Recently there is a growing body of literature that the currently observed consolidation into oligopolies and monopolies can be described as a failure of economic policy, which could be addressed with revamped, or improved anti-trust policies [Wu] [Khan]. On the other hand there are those who criticize these proposals for their economic determinism; merger reviews, company break-ups and ‘trustbusting’ do not necessarily change the structure of a market. Technology might actually have a role to play in this as well. The IETF in specific, and the Internet governance regime complex [Nye] in general, has been designed as a distributed arrangement to prevent capture of the infrastructure by a single interest group or actor. Where power or control was centralized, specific governance arrangements were put into place to counter the centralization of power.

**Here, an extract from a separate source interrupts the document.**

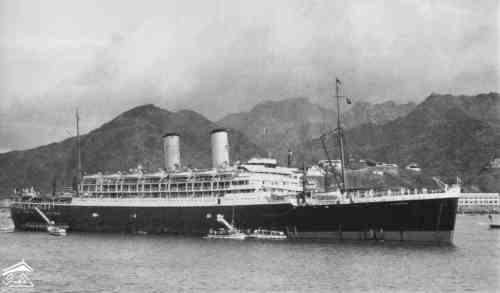 سفينة الشرق القديمة الجميلة أورونتس في ميناء عدن اواخر خمسينيات القرن الماضي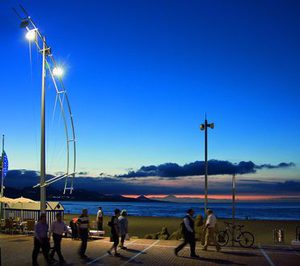 GE Lighting ilumina la playa de las Canteras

It cannot be denied that ‘market actors have contributed immensely to the evolution of the Internet in terms of investment, products, services, and infrastructure, and the government’s light-handed approach to regulation has given producers and consumers substantial freedom to innovate and to self-regulate with respect to many issues affecting the Internet community in ways that have produced substantial social benefits’ [Frischmann]. But the current consolidation in ownership of and control over the Internet infrastructure was not foreseen [Clark], and arguably the loss of decentralized control goes against its design objectives. For instance, [RFC1958] says:

This allows for uniform and relatively seamless operations in a competitive, multi-vendor, multi-provider public network.

and

Heterogeneity is inevitable and must be supported by design.

And [RFC3935] says:

We embrace technical concepts such as decentralized control, edge-user empowerment and sharing of resources, because those concepts resonate with the core values of the IETF community.

3. Factors Driving Consolidation

Consolidation is driven by economic factors relating to scale and ability to easily reach a large market of users over the Internet. This kind of setting tends to enable winners to take large market shares, whether those winners came about through the model that liberal economists believe in or the model that Adam Smith believes in.

The most visible aspects of this involve well-recognized Internet services. The Internet Society’s report summarised the market position of popular Internet service brands as follows [ISOC]:

But it is important to recognize that the Internet is a complex ecosystem. There are many underlying services whose diversity, or lack thereof, are as important as that of, say, consumer-visible social networks. For instance, the diversity of cloud services, operating systems, and browser engines is as important as that as of application stores or the browsers themselves.

Of course, the Internet allows plenty of choice in these and other areas. Too many or too few choices create different kinds of problems.

It would be useful to break these general factors and observations down a bit further. In particular, it is useful to distinguish market or economic factors from technical factors.

3.1. Economics

Scaling benefits are natural for many types of businesses. And many Internet-based businesses can potentially serve a very large customer base, as the cost of replicating and delivering their service to new customers or areas is small.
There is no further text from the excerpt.